The term SPEEDE/ExPRESS refers both to their joint committee and to the various electronic standards being developed for educational use. A standard can be thought of as a common way of arranging educational data on electronic forms so that they can be exchanged by computers that may be using different brands of administrative software.
To date, the national body that oversees electronic data- interchange standards has approved SPEEDE/ExPRESS formats for requesting a transcript and acknowledging its receipt, and for the transcripts themselves. The committee expects approval for standards for college-admissions applications in June, and is developing standards for financial-aid applications.
On campuses where SPEEDE/ExPRESS is already being used, officials say they are pleased.
“It’s been wonderful,” says Gloria G. Andrus, the registrar at Ricks College, a two-year institution that sends many of its graduates on to Brigham Young University. The college typically dispatches about 3,000 transcripts a year to Brigham Young, and with SPEEDE/ExPRESS, she says, “transcripts never get lost or misplaced.”
Ms. Andrus says the system has also allowed her to operate without adding staff members, despite a growth in enrollment. For transcripts that the college sends electronically, it waives the $2 fee.
The Law School Admissions Council, which processes about 180,000 transcripts a year from colleges across the country, also expects SPEEDE/ExPRESS to save it some money, though it is not sure how much. The council hires about 25 temporary workers from September through March, at a cost of $158,000, to process transcripts by hand.
The Association of American Medical Colleges, which is testing SPEEDE/ExPRESS with four institutions, says it expects about half of the 110,000 transcripts it processes to be sent electronically within three years.
While the new users are likely to give the standard format a boost, even supporters of electronic-exchange methods note that it could be years before such practices become commonplace.
“It’s like a telephone: It’s only useful once others have one, too,” says Dennis Carey, director of information-resource management for the Oregon State System of Higher Education.
In Oregon, five four-year colleges, four community colleges, and three school districts are using SPEEDE/ExPRESS. That’s not enough to make the system cost-effective.
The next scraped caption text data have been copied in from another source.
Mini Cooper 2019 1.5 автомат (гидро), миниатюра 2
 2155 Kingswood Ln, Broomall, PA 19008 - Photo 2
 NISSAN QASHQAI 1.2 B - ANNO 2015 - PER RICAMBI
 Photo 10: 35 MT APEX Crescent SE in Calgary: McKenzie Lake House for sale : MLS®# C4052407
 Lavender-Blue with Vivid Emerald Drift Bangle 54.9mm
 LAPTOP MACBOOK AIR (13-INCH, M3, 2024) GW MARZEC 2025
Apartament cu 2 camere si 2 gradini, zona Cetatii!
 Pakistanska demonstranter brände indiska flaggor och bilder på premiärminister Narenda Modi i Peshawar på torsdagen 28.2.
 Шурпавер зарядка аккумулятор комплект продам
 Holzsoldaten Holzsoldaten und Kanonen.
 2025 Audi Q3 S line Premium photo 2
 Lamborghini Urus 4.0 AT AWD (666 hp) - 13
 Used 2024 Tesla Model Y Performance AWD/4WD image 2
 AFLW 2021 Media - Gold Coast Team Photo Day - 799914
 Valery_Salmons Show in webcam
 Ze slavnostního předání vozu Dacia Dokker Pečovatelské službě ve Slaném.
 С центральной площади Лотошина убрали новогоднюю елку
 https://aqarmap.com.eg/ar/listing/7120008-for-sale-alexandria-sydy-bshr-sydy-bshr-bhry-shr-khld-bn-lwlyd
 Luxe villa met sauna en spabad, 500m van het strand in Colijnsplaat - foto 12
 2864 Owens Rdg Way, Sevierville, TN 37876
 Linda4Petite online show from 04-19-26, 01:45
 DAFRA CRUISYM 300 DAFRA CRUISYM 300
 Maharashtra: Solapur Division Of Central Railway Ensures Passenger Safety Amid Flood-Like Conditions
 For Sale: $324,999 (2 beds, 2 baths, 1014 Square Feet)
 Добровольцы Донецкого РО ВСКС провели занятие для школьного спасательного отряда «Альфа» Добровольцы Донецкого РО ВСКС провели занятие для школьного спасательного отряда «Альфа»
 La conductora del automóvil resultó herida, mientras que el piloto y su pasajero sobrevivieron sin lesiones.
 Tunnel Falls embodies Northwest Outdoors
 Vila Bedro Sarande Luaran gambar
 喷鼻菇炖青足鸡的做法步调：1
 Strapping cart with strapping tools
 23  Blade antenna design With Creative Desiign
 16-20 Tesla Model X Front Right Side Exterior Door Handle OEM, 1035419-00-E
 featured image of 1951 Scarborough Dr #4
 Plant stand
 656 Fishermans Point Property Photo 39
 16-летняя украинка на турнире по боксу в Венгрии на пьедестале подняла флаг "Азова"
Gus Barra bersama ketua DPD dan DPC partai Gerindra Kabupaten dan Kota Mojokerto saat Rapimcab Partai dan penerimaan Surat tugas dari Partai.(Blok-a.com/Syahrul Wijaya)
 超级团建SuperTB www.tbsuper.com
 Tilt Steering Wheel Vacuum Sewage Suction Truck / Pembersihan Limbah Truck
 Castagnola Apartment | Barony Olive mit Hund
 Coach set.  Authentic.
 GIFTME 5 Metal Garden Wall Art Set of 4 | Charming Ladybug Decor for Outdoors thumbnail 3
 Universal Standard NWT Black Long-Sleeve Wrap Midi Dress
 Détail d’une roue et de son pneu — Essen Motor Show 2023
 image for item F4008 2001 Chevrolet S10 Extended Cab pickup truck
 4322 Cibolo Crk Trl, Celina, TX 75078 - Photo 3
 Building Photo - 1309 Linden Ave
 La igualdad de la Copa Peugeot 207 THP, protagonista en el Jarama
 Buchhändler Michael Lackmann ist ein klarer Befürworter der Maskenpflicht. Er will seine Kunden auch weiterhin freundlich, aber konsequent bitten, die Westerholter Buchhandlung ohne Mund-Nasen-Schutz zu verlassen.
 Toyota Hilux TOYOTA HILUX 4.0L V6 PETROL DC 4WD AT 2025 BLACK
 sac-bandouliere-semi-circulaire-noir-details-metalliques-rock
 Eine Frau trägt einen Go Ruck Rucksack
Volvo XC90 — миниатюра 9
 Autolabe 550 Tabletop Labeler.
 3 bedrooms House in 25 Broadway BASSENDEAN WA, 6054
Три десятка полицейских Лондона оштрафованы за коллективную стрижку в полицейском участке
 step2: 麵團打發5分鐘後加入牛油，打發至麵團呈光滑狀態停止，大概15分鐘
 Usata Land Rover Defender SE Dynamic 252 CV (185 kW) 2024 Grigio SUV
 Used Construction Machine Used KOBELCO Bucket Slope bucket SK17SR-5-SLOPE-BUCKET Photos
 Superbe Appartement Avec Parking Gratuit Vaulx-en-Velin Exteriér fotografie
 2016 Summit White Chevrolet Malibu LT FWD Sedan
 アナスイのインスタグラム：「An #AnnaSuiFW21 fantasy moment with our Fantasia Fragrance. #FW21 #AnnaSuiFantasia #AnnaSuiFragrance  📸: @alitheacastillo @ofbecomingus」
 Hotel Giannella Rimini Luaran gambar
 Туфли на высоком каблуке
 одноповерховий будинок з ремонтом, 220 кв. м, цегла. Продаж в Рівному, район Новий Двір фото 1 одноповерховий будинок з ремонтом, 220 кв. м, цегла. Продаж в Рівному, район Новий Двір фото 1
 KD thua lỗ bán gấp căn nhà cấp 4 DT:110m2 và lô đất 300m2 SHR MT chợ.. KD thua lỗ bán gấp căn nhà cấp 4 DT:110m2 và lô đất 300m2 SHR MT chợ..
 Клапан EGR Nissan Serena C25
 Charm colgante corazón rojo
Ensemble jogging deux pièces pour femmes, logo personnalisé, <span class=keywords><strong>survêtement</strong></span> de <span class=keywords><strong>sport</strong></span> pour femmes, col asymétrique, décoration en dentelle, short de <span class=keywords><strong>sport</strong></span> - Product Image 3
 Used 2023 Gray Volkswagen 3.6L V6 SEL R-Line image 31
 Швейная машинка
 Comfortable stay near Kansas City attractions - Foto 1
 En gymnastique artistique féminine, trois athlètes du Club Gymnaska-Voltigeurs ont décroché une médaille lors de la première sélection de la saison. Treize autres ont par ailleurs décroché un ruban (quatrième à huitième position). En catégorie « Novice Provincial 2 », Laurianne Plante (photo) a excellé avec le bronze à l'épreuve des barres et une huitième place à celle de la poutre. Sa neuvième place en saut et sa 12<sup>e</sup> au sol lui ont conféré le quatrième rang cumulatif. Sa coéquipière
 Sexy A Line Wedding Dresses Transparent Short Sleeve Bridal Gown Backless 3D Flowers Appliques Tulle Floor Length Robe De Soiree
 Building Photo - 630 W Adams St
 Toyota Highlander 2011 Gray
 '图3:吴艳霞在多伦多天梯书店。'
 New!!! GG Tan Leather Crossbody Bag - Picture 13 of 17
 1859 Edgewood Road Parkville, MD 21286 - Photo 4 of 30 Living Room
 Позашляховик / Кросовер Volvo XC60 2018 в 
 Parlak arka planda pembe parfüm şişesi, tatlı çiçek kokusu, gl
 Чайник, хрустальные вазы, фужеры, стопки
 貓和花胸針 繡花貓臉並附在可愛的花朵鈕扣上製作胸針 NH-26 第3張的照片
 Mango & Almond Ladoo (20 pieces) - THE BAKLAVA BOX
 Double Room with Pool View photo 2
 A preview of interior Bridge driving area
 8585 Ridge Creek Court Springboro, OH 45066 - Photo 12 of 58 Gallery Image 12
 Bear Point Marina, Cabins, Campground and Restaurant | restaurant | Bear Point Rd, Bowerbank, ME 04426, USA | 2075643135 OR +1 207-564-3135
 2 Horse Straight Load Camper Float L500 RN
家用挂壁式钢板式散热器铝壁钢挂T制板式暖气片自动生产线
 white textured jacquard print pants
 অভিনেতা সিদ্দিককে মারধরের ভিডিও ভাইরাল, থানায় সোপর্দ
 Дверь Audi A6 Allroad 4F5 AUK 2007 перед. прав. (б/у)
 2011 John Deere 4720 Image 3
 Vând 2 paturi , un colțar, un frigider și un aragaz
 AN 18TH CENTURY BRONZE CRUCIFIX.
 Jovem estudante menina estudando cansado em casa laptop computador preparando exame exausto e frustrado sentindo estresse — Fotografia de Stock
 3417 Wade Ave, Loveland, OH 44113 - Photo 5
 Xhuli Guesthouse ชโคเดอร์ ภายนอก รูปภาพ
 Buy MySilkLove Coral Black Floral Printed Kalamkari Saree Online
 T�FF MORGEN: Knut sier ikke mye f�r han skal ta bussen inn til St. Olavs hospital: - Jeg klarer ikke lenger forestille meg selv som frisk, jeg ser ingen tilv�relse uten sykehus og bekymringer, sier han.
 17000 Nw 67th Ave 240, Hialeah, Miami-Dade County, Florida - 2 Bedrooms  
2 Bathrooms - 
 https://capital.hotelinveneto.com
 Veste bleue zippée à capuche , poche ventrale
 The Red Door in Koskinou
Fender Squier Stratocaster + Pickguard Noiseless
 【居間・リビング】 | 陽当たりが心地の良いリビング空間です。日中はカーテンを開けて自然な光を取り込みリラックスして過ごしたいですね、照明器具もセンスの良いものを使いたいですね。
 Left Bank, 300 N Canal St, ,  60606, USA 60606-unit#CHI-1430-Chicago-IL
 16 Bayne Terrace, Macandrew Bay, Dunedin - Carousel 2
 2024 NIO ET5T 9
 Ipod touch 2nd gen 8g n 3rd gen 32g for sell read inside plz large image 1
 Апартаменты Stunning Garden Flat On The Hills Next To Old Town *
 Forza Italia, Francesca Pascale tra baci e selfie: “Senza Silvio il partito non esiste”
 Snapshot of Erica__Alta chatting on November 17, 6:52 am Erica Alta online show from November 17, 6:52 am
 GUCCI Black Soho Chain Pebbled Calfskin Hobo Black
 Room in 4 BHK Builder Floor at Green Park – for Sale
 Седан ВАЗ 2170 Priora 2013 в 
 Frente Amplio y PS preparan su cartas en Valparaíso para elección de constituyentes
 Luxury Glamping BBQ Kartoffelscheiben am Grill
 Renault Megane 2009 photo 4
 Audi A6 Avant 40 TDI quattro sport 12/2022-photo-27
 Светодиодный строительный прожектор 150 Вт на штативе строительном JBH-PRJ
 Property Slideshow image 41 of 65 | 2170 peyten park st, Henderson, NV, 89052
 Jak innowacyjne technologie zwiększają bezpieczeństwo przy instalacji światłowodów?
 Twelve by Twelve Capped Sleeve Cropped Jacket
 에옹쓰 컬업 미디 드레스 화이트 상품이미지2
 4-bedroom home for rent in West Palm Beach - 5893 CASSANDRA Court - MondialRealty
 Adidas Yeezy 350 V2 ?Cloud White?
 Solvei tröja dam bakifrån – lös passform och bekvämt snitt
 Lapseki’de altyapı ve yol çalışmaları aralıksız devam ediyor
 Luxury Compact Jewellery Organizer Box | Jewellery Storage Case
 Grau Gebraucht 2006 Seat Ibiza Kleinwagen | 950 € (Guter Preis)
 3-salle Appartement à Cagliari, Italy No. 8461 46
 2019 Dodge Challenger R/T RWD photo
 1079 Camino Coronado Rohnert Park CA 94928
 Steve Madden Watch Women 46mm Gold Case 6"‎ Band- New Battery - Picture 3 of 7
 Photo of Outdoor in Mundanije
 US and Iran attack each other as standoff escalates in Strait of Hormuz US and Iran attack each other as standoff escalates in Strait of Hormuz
But most of the other school districts cannot afford to buy the software, even at the group rate of about $2,000.
Barbara Clements, who directs data and information-systems projects at the school officers’ council, acknowledges that schools have not moved quickly to exchange data electronically. She expects that they will eventually rely heavily on the SPEEDE/ExPRESS format, because they exchange so many transcripts. Usage will increase, she predicts, once more software companies include the standard in their packages for managing student records.
Companies that already include SPEEDE/ExPRESS in their products say they aren’t discouraged about its slow growth. The technology for electronic-funds transfer, for example, was around for five or six years before it caught on, says Bill Mahoney, vice-president for client services at SCT Corporation, which has sold software to more than 960 schools and colleges.
The sheer volume of transcripts makes electronic transfer inevitable, he says. Sixty per cent of the nation’s 14 million college students request that at least one copy of their transcript be sent to another college, a graduate school, or a scholarship fund each year, he says. “That’s a lot of pieces of paper.”
Since 1991, SCT has donated a portion of its customers’ software-maintenance fees to the registrars’ association to help it promote SPEEDE/ExPRESS. Several of the association’s 23 corporate members also are software companies that benefit from promoting the standard format.
Ms. Neary, who chairs the SPEEDE committee this year, says she sees nothing wrong with companies’ helping to promote SPEEDE/ExPRESS, if this helps to make the technology more widely available. It’s a proven business technique, she says. “Why shouldn’t education take advantage of the same thing?”